I hope that what follows is right: We will work with indices modulo $n$. We also make the following association: $0 \mapsto \textrm{red}, \, 1 \mapsto \textrm{blue}$. $AB = 0$ or $AB = 1$ will mean that $[AB]$ has the corresponding color. (a) Letting $j = i+k$, we see that $P_{i+2m}P_{i+2m+k}= P_{i}P_{i+k}$ and that $P_{i+2m+1}P_{i+2m+1+k}= 1-P_{i}P_{i+k}$. Thus, the color of a segment of "length" (i.e. the absolute value of the diferrence of the indices of its endpoints --- lots of "of", sorry ) determines completely the color of all segments of length $k$. So the only contradiction that could arise is that $P_{i}P_{i+k}= 0$ implies $P_{i}P_{i+k}= 1$ (or the other way around). We have two cases (all computations are $\bmod \, n$): Case 1. $i = i+2m+1, \, i+k = i+2m+1+k \, \, \Longleftrightarrow \, \, 2m+1 = 0 \, \, \Longleftrightarrow \, \, n \equiv 1 \left( \bmod \, 2 \right)$. Case 2. $\left. i = i+2m+1+k, \, i+k = i+2m+1 \, \, \Longleftrightarrow \, \, 2m+1=-k, \, 2m+1=k \, \, \Longleftrightarrow n \equiv 2 \left( \bmod \, 4 \right) \right.$ (Don't forget that $k = j-i \neq 0$). Thus, the only "good" $n$ are those that satisfy $n \equiv 0 \left( \bmod \, 4 \right)$. (b) Make some cyclic permutations and perhaps a "mirror reflection" on the indices of the $P_{i}$'s such that $P_{0}P_{1}= 0$, where $P_{0}$ is the point from where we start our journey. We'll prove that we can reach $2k, \, 2k+1$, $\forall k \in \overline{1, \frac{n}2-1}$ ($P_{1}$ can obviously be reached). Clearly, we have that $P_{2k}P_{2k+1}= 0$. If $P_{0}P_{2k}= 0$, then we can take the route $P_{0}\mapsto P_{2k}\mapsto P_{2k+1}$. Otherwise, $P_{0}P_{2k}= 1$, so $P_{1}P_{2k+1}= 0$. Thus, we can choose: $P_{0}\mapsto P_{1}\mapsto P_{2k+1}\mapsto P_{2k}$. So... is it OK? And also: what's $AMO$?

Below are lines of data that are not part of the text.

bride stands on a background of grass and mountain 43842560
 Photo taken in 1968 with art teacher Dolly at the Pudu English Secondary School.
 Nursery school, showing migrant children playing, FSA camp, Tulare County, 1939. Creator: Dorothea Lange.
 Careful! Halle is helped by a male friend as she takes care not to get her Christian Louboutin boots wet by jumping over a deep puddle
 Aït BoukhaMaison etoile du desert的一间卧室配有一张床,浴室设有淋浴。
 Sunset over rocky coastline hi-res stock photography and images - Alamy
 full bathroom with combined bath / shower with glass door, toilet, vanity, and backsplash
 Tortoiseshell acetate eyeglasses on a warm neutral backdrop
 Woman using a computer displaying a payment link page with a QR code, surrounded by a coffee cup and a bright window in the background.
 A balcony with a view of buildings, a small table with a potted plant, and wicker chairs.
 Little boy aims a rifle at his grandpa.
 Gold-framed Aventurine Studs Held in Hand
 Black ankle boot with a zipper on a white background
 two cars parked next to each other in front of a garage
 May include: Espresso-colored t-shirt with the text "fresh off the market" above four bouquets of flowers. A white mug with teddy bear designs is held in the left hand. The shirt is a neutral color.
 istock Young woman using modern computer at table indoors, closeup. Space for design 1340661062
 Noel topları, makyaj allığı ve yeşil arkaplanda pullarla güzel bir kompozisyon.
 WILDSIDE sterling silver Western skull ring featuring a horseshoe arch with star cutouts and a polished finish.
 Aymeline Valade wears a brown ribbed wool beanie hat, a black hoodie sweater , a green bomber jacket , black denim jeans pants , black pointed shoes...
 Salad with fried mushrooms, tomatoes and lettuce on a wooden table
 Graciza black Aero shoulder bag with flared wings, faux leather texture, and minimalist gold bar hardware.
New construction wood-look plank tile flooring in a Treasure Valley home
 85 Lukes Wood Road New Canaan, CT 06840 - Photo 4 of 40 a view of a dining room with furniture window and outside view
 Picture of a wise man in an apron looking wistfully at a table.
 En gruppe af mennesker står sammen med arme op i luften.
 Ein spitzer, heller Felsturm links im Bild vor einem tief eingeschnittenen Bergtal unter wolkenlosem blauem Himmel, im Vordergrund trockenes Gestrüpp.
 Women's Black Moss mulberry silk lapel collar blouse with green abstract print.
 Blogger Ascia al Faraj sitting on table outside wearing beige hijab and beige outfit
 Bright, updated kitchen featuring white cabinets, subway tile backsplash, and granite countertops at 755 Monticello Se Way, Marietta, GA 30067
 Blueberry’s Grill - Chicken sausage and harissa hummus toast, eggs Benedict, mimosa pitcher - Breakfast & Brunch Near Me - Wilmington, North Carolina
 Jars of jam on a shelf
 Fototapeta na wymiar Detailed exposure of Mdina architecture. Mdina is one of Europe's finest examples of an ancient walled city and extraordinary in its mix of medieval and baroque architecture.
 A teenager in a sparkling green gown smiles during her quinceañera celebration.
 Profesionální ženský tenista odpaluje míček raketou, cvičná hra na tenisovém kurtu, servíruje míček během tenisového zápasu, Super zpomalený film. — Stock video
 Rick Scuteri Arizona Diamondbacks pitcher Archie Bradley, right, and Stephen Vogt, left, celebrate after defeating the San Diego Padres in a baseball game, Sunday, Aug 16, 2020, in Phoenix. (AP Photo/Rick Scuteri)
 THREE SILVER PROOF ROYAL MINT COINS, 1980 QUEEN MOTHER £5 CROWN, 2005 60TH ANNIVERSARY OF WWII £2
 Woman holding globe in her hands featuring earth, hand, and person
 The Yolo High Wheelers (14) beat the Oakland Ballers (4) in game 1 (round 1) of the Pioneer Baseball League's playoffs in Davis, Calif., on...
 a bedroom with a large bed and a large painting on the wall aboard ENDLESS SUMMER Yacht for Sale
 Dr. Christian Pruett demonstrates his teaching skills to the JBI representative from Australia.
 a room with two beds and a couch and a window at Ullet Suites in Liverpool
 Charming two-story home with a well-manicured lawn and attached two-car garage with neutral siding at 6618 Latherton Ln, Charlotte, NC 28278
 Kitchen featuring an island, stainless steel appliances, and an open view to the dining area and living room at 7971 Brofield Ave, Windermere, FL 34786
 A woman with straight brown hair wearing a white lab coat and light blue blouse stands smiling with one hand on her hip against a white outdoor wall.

@Perfect_radio After ten years I think may be you have made a little mistake I think the answer of $(a)$ is just $2|n$ You may ask $n=6$ you choose the longest diagonal will be a contradiction,but the problem didn't say you can "mod", for example,it didn't say $P_{n+1}=P_{1}$ so may be $P_{j+1}$ doesn't exist at all. If you do this problem like this the answers will be different,and the difficulty will increase a lot,but it's a P5 so what do you think?(or you can just ignore this post and consider me as a stupid boy who couldn't figure out this problem after thinking for 10 years) Your sincerely $ CeuAzul $

Who can resolve this proof?

Math1331Math wrote: Who can resolve this proof? If the points aren't taken cyclicly, then part (a) of the problem makes zero sense, since any value of $n$ would work. So I think it's safe to assume that the points are taken cyclicly. I doubt part (b) would be true if the points aren't taken cyclicly since the problem would be far too weak, though I may be wrong. (a): If $n$ is odd, then $j = i + 1$ is enough to form a contradiction by going around in a circle, since a line segment cannot be both red and blue. If $n$ is 2 mod 4, then by considering the main diagonals, the same contradiction occurs. So $n$ must be a multiple of $4$. It's easy to form a construction in this case. (b) Suppose there are $4k$ vertices. Let $u$ be a vertex with degree $2k$ red edges and $v$ be a vertex with degree $2k-1$ red edges. Suppose for the sake of contradiction that there exists no path of length 3. Let $w$ be any point such that $v$ and $w$ are connected with a red edge. Then, there cannot exist an edge from $v$ to $v$, $u$ or any one of the possible $w$'s. This rules out $2k + 2$ vertices, so at most $2k - 2$ vertices can be connected to $v$ with a red edge. Since $v$ is of degree $2k - 1$, this is impossible. So, there must exist a path of length at most 3.